Sonntag, 25. November 2018

Festspielhaus Baden-Baden: Mendelssohn-Konzert, 24.11.2018

Lauter Lieblingsstücke der Romantik und dazu ein Lieblingsdirigent
Marc Minkowski kam mit zwei Stöcken zum Konzert. Der Großmeister historischer Aufführungspraxis hatte den Dirigentenstab in der Linken, rechts stützte er sich auf einen eleganten schwarzen Gehstock mit silbernem Knauf, den er auf einer auf dem Dirigentenpult stehenden Bank ablegte. In Deutsch mit gelegentlichen englischen Ergänzungen erklärte er dem Publikum, daß er vor zwei Monaten einen Fahrradunfall hatte und sein Bein "kaputt" sei. Deswegen drehte er die Programmreihenfolge um, er startete mit dem längsten Werk, nach der Pause folgte die kürzere Symphonie und am Schluß sollte dann die kurze Ouvertüre stehen. Tatsächlich hielt Minkowski nicht durch, nach zwei Symphonien war Schluß, die Ouvertüre dirigierte sein Assistent - viel wichtiger war etwas anderes: Felix Mendelssohn Bartholdys Werke klangen aufregend!

1982 gründete Minkowski sein Orchester Les Musiciens du Louvre, zusammen lagen die frühen Schwerpunkte auf Händel und französischer Barockmusik, die durch historische Instrumente und Aufführungspraxis kaum noch höfisch-glatt und in gemessenen Schönklang erklangen, sondern einen geerdeten, herben Klang bekamen. Die Schottische Symphonie Mendelssohns zu Beginn war dafür das perfekte Studienobjekt, stürmisch, harsch durch die historischen Hörner und Trompeten und doch wunderbar melodiös. Die Italienische Symphonie beließ Minkowski in Italien, schwungvoll mit starken Betonungen, im zweiten Satz bspw. mit großartiger Hervorhebung der Flöten.
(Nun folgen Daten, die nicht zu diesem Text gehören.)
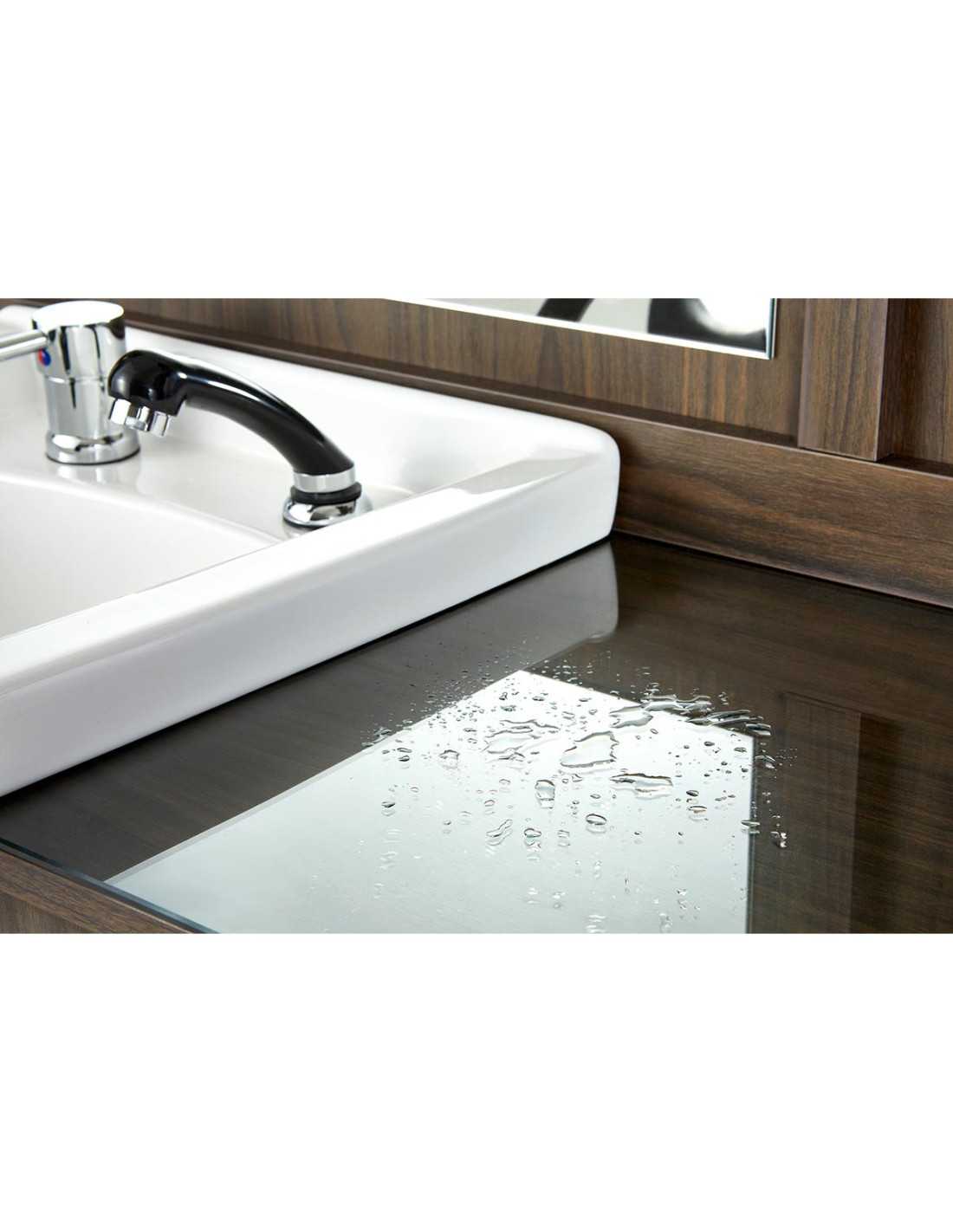 4B Friseurstation aus dunklem Holz mit Waschbecken | GoldBeaute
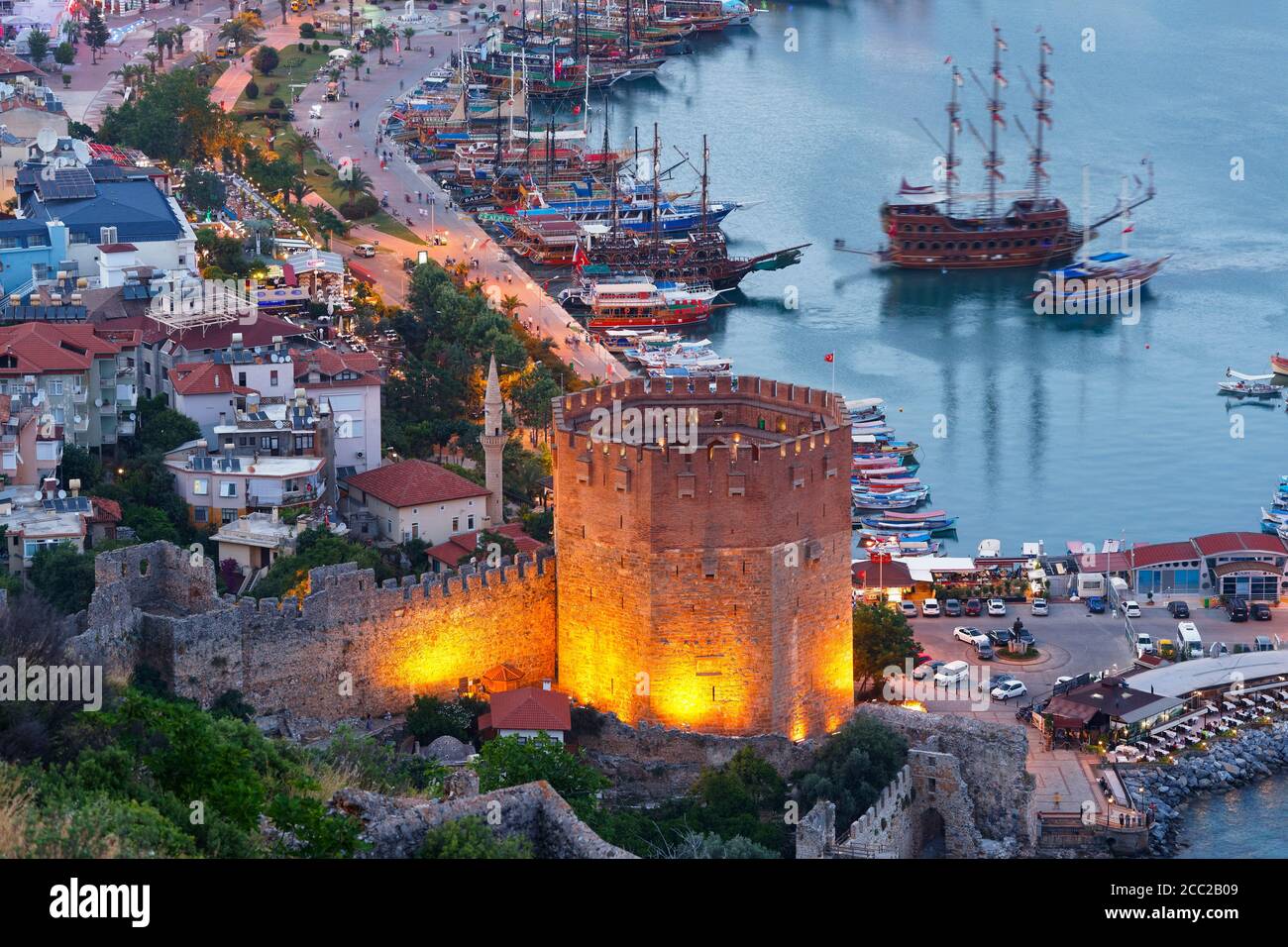 Turkey, Alanya, View of Kizil Kule tower Stock Photo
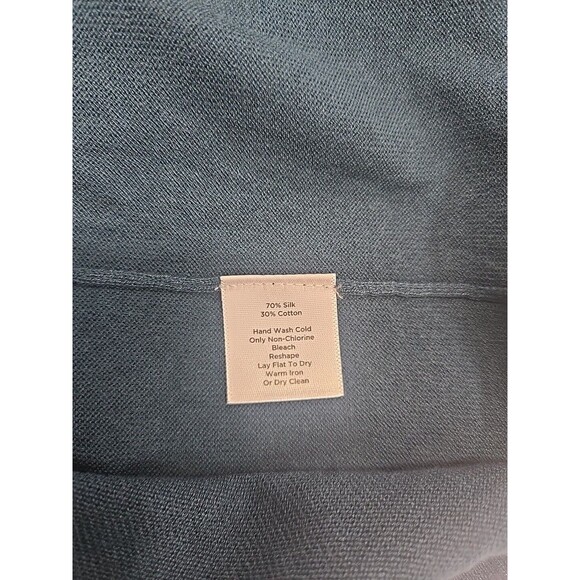 Talbots Women’s Medium Cardigan Sweater Silk Cotton Green Ruffles Long Sleeves - Picture 5 of 8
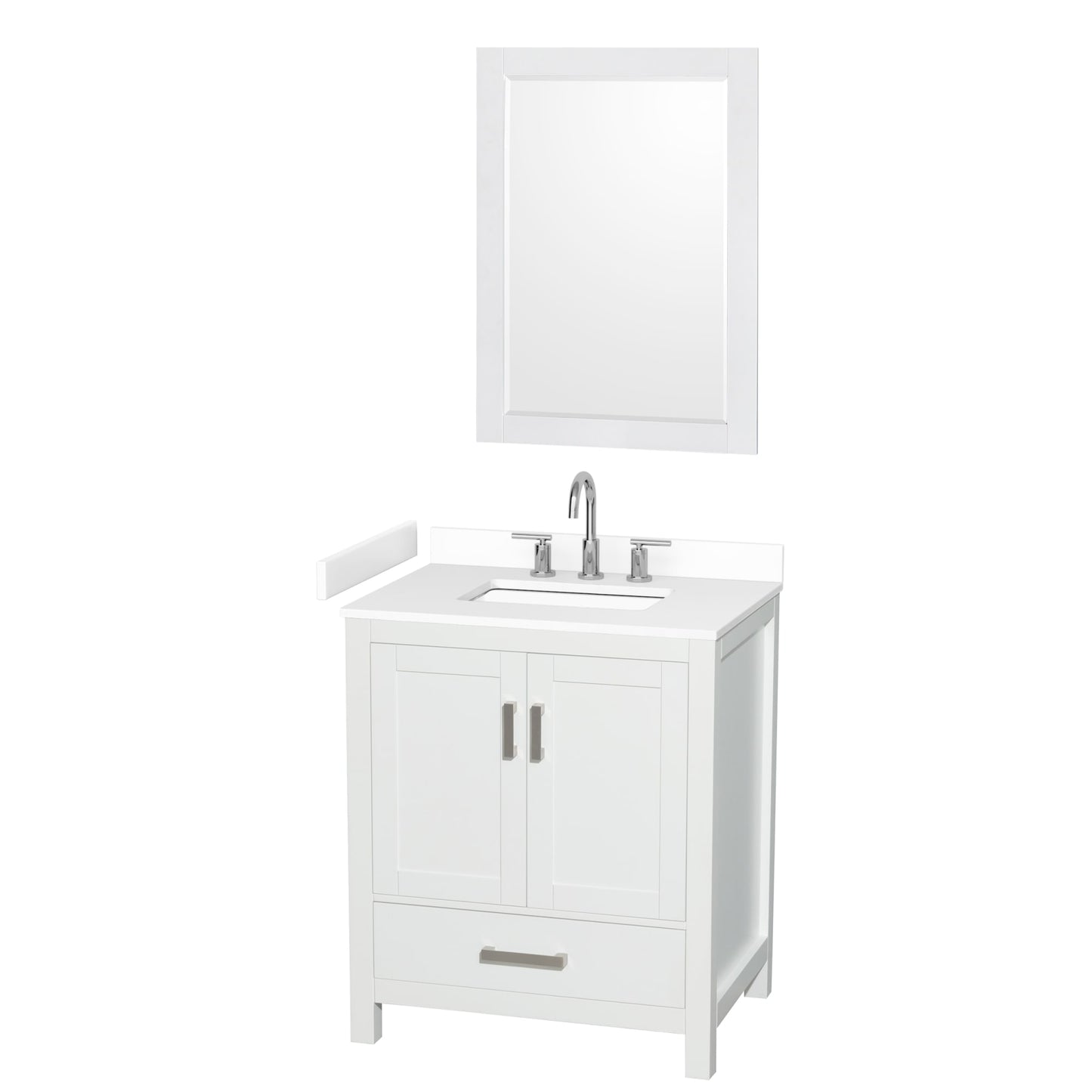 Sheffield Bathroom Vanity with Countertop 30 inch Single Sink 3-hole Faucet Setup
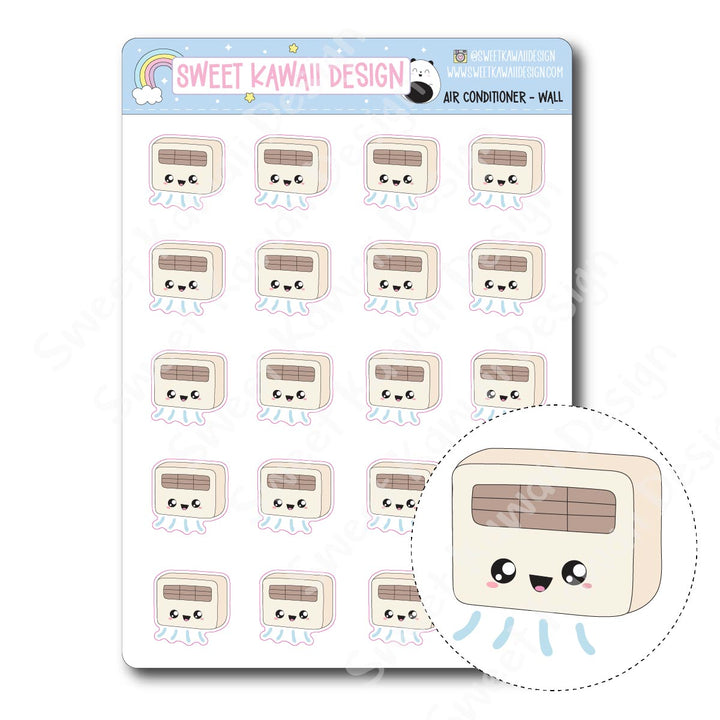 Kawaii Air Conditioner Stickers - Wall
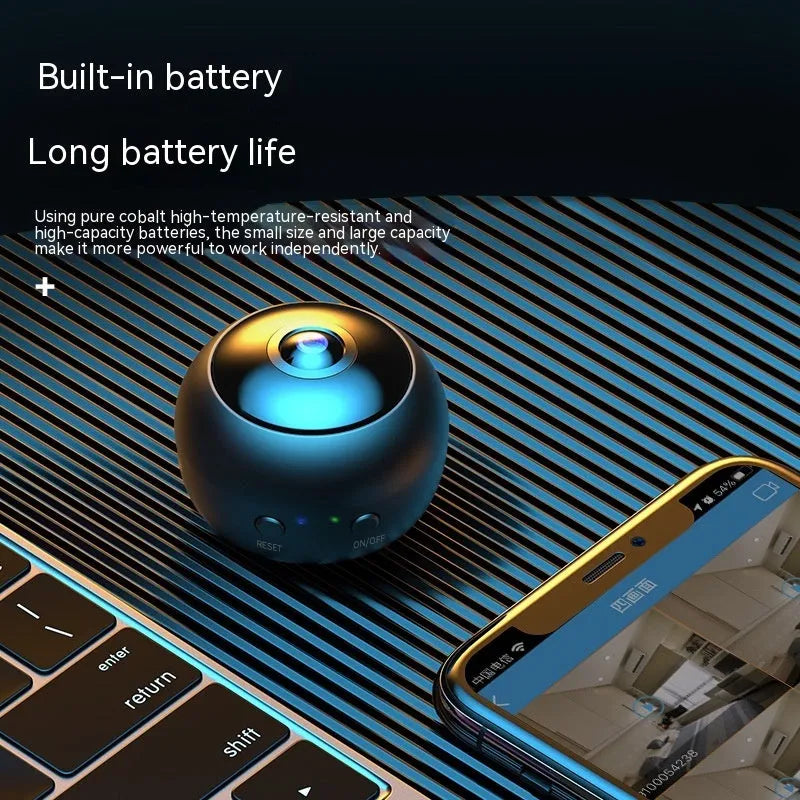 A12 wireless WIFI surveillance camera with ABS plastic housing and 3.6° lens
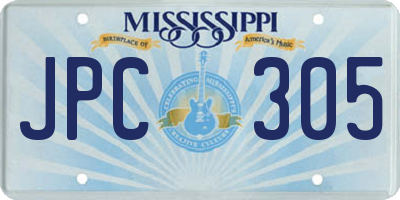 MS license plate JPC305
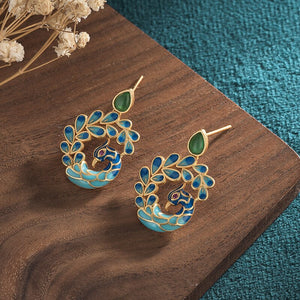 Boucles D'oreilles Chinoise Paon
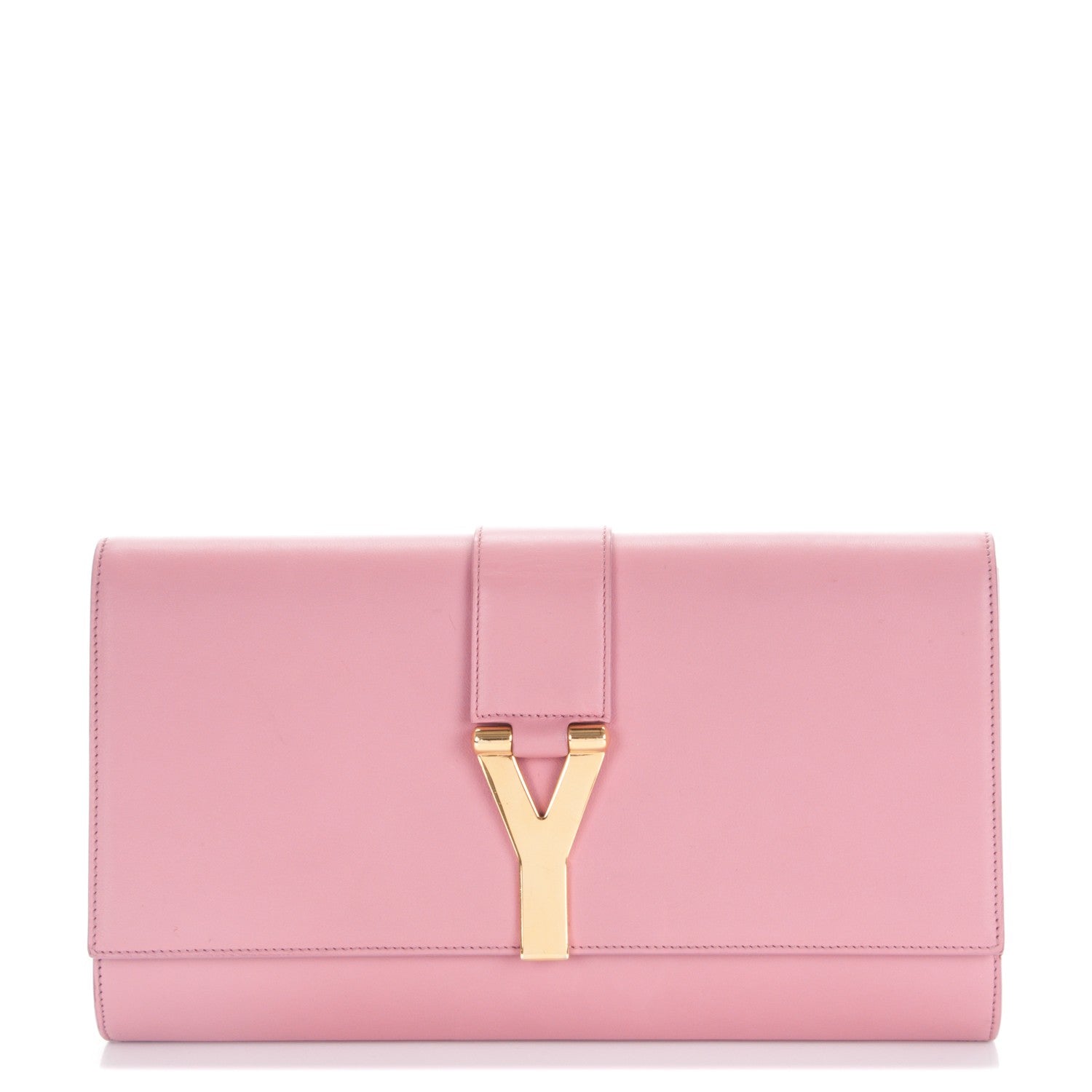 Saint Laurent Calfskin Classic Y Ligne Clutch Dark Rose 1 of 8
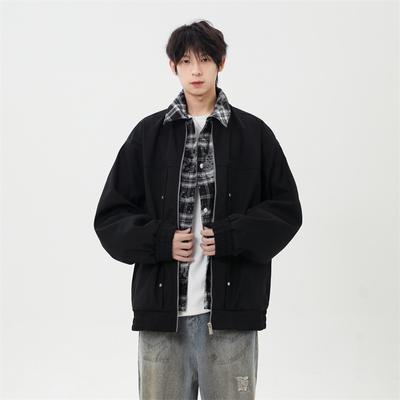 Ψεύτικα Δύο Μαύρα Μπουφάν, Υψηλής Ποιότητας και Casual Καρό πέτο Ανδρικό Μπουφάν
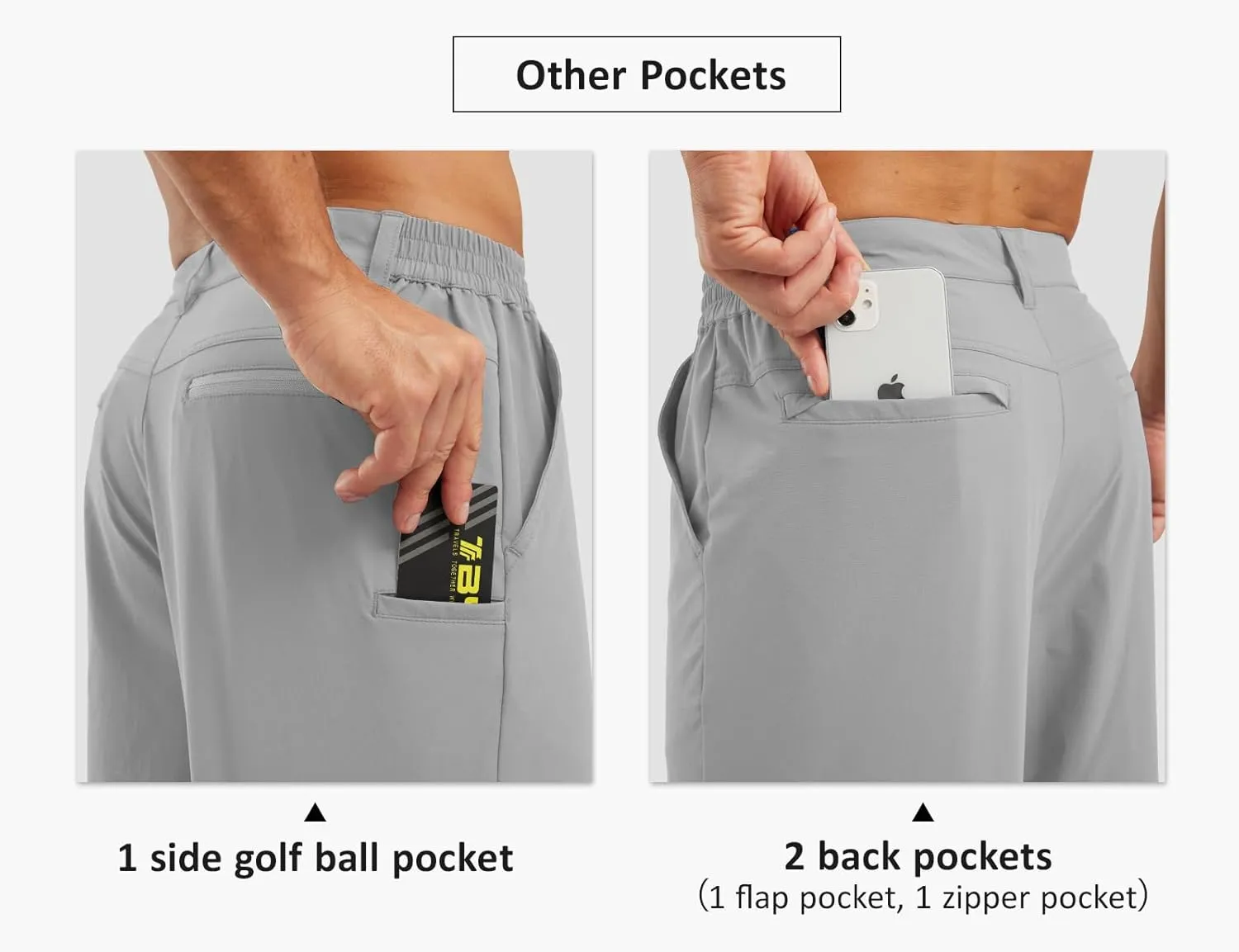 TBMPOY Men's Shorts Golf 9" Casual Elastic Waist Quick Dry Flat Front Travel Shorts with 5 Pockets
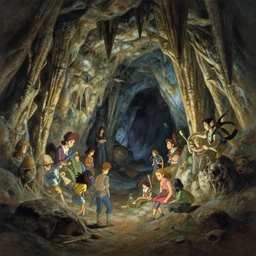 Mythic underground caverns. Art by James C. Christensen, James Gurney, Andreas Rocha, Barclay Shaw, Thomas Cole, Antoine Blanchard, Gilbert Williams, Christophe Vacher, Studio Ghibli.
Beide Symphonien erklangen mustergültig: viele orchestrale Details, spannende Steigerungen, herb neben süß. Minkowski bot vollen Einsatz, stehend dirigierte er nicht nur durch den Taktstock, sondern mit typischen Körpereinsatz. Und auch die Hebriden-Ouvertüre mit Minkowskis Assistenten zum Abschluß waren bemerkenswert und erzeugten einen Sog. Bravo!
  
Notiz in eigener Sache: Hat Minkowski Brahms aufgenommen?